Uncertainly she said, "I don't think the killer came from this direction, but – "
"In case he did, we'll stop here to avoid screwing up any tracks."
Matt's cruiser pulled in behind them, and the sheriff and FBI agent got out and approached the Jeep, both on Ben's side.
"Is this it?" Matt asked.
Ben pointed and related what Cassie thought about the killer's approach.
"Okay. You two wait here."
"Matt?" Cassie leaned forward a bit so she could see him. "This time he arranged the body for… for maximum shock effect. Brace yourself."
He nodded. He and Bishop disappeared into the trees.

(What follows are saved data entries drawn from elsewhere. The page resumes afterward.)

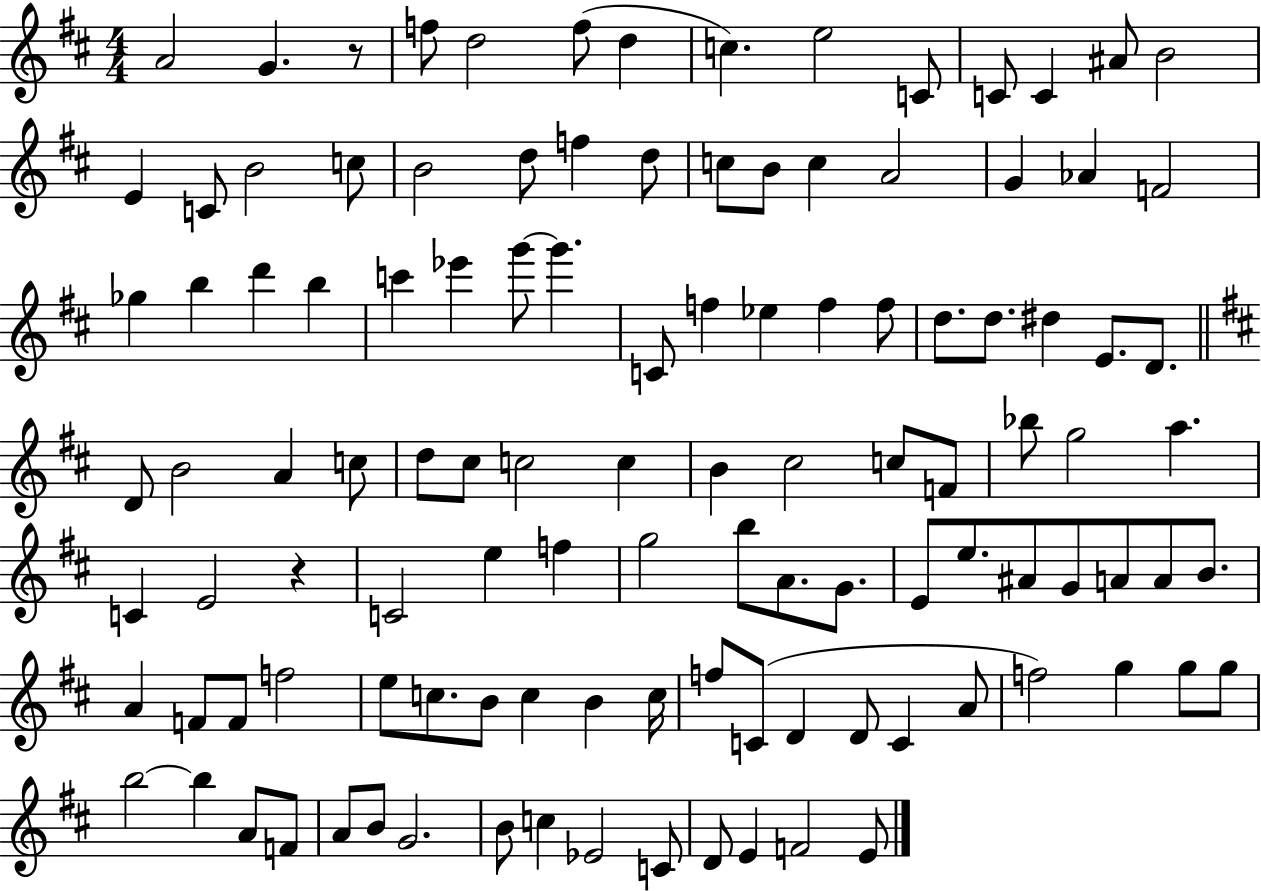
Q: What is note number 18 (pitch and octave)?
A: B4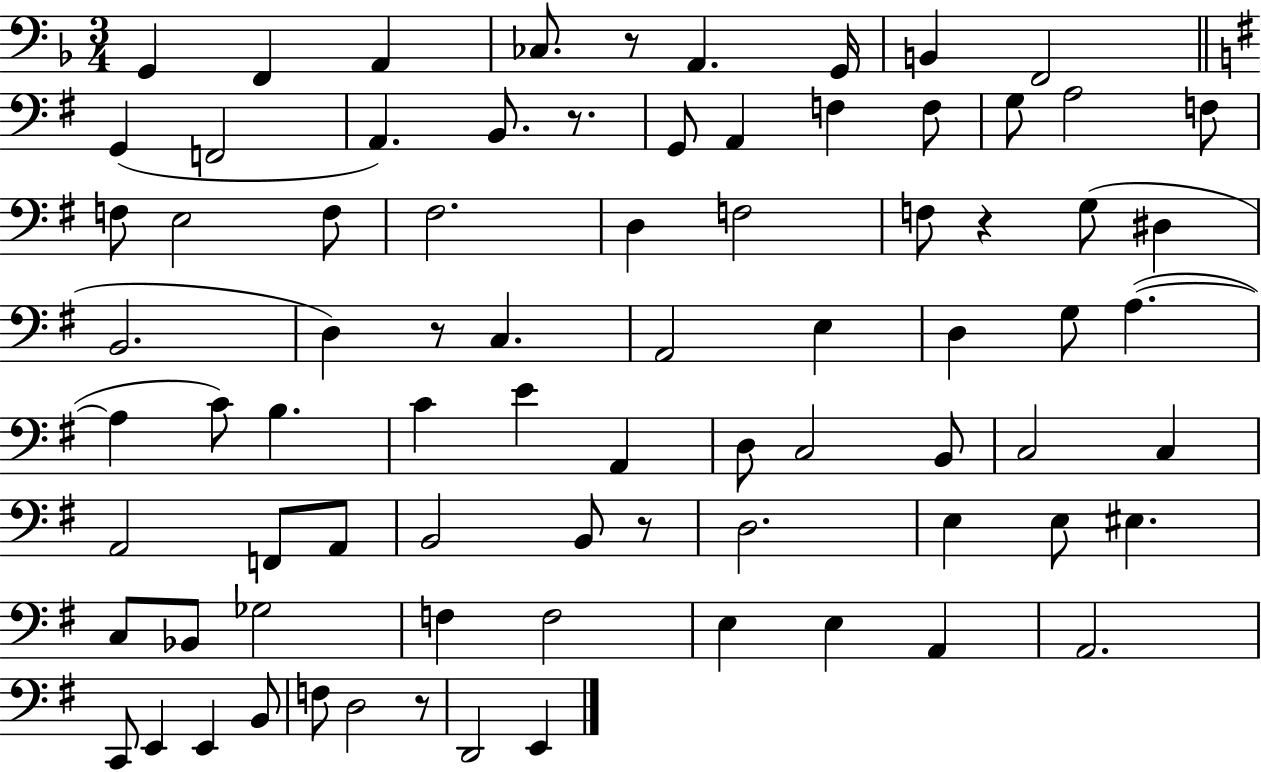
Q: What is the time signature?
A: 3/4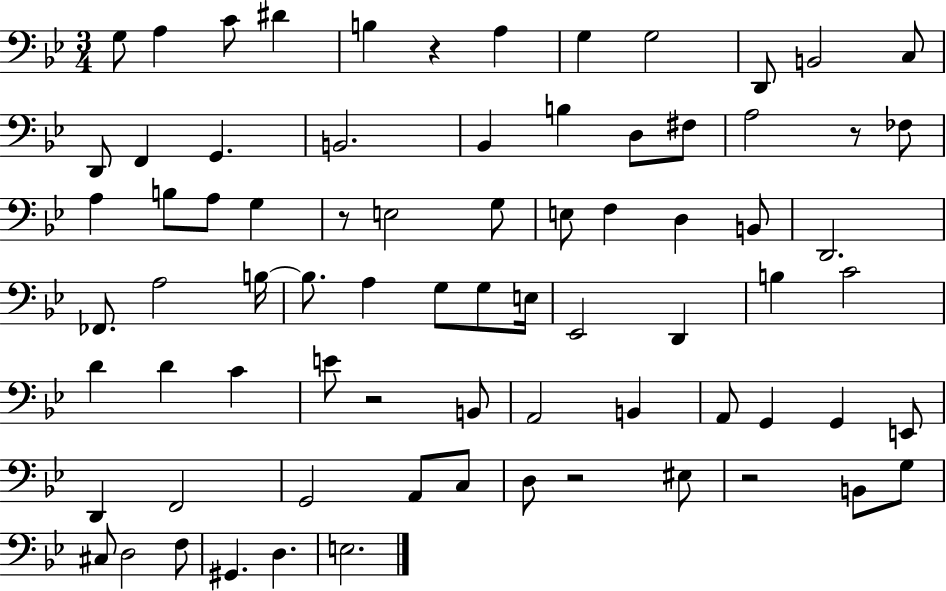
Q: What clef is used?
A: bass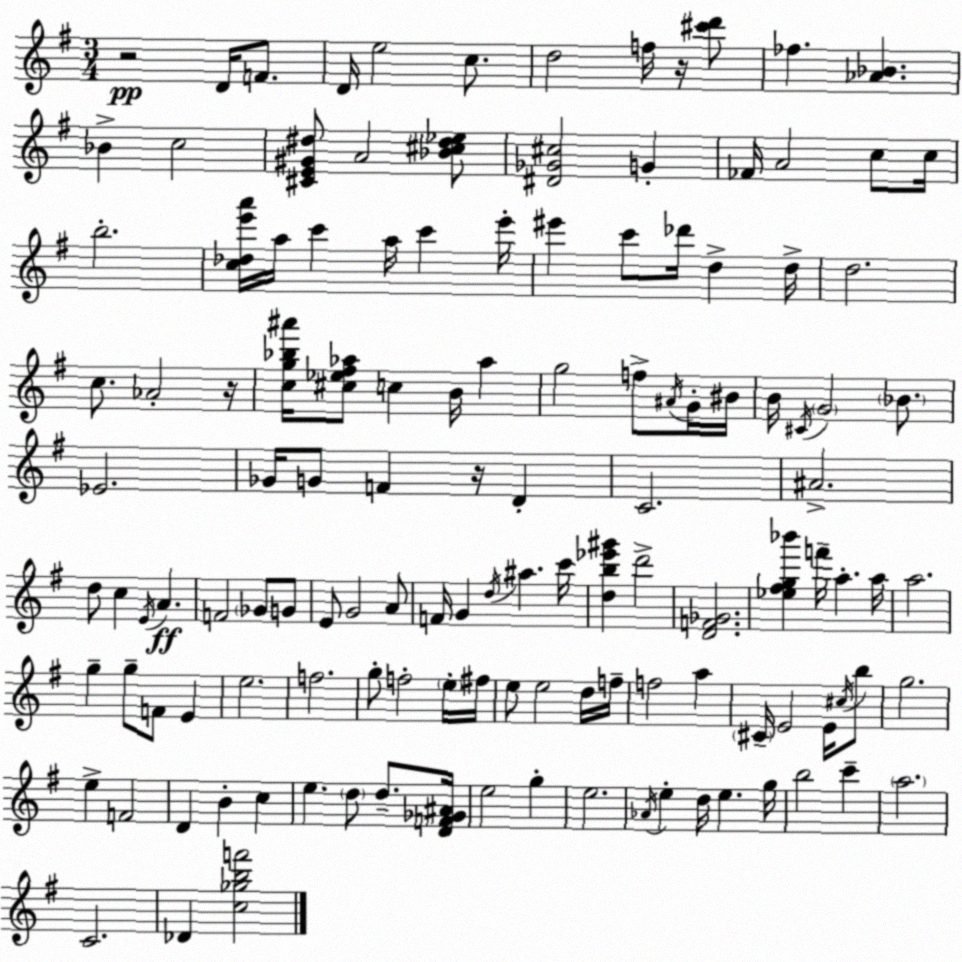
X:1
T:Untitled
M:3/4
L:1/4
K:G
z2 D/4 F/2 D/4 e2 c/2 d2 f/4 z/4 [^c'd']/2 _f [_A_B] _B c2 [^CE^G^d]/2 A2 [_B^c^d_e]/2 [^D_G^c]2 G _F/4 A2 c/2 c/4 b2 [c_de'a']/4 a/4 c' a/4 c' e'/4 ^e' c'/2 _d'/4 d d/4 d2 c/2 _A2 z/4 [cg_b^a']/4 [^c_e^f_a]/2 c B/4 _a g2 f/2 ^A/4 G/4 ^B/4 B/4 ^C/4 G2 _B/2 _E2 _G/4 G/2 F z/4 D C2 ^A2 d/2 c E/4 A F2 _G/2 G/2 E/2 G2 A/2 F/4 G d/4 ^a c'/4 [db_e'^g'] d'2 [DF_G]2 [_e^fg_b'] f'/4 a a/4 a2 g g/2 F/2 E e2 f2 g/2 f2 e/4 ^f/4 e/2 e2 d/4 f/4 f2 a ^C/4 E2 E/4 ^c/4 b/2 g2 e F2 D B c e d/2 d/2 [DF_G^A]/4 e2 g e2 _A/4 e d/4 e g/4 b2 c' a2 C2 _D [c_gbf']2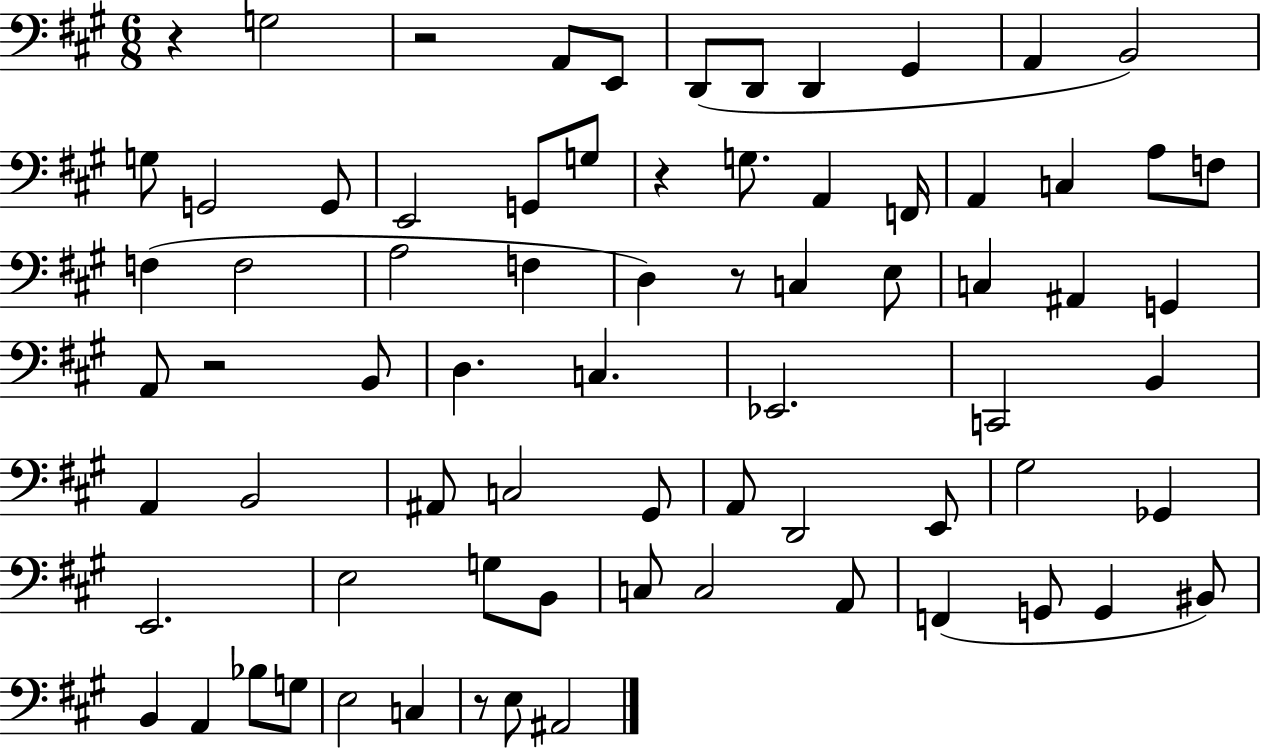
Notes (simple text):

R/q G3/h R/h A2/e E2/e D2/e D2/e D2/q G#2/q A2/q B2/h G3/e G2/h G2/e E2/h G2/e G3/e R/q G3/e. A2/q F2/s A2/q C3/q A3/e F3/e F3/q F3/h A3/h F3/q D3/q R/e C3/q E3/e C3/q A#2/q G2/q A2/e R/h B2/e D3/q. C3/q. Eb2/h. C2/h B2/q A2/q B2/h A#2/e C3/h G#2/e A2/e D2/h E2/e G#3/h Gb2/q E2/h. E3/h G3/e B2/e C3/e C3/h A2/e F2/q G2/e G2/q BIS2/e B2/q A2/q Bb3/e G3/e E3/h C3/q R/e E3/e A#2/h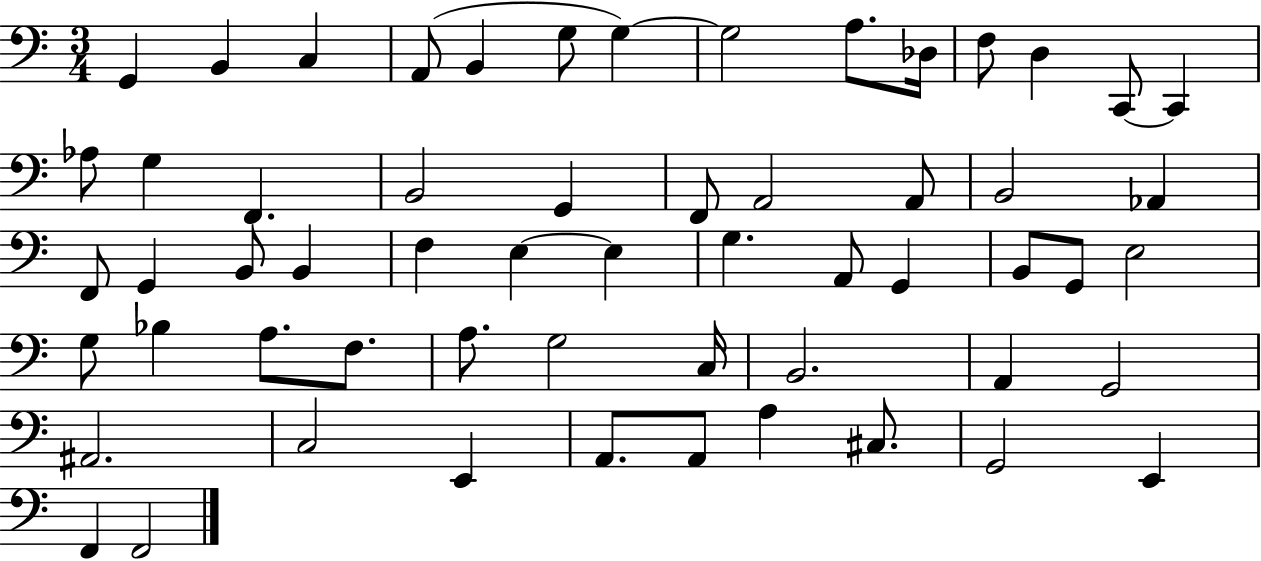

Ben looked at Cassie. "Were you right? About what he intended to do to her?"
Cassie drew a breath and let it out slowly. "Not entirely. He had a few more plans I didn't know about."
"What do you mean?"
She turned her head and looked at him with haunted eyes. "He cut her up, Ben. She's in pieces."
SIXTEEN
The news that the horribly mutilated body of fifteen-year-old Deanna Ramsay had been found spread through Ryan's Bluff like wildfire. By the time Cassie and Ben got back to the Sheriff's Department less than an hour after the body was found, a small crowd was already gathering; by the time the black van belonging to a local undertaker passed through town a few minutes later escorted by a couple of deputies, the crowd had doubled.
With the sheriff still at the crime scene, Ben went out to talk to them. Cassie remained inside and didn't hear what he said, but she watched from the window in Mart's office, and she wasn't surprised when the visibly agitated group calmed somewhat and eventually began to disperse.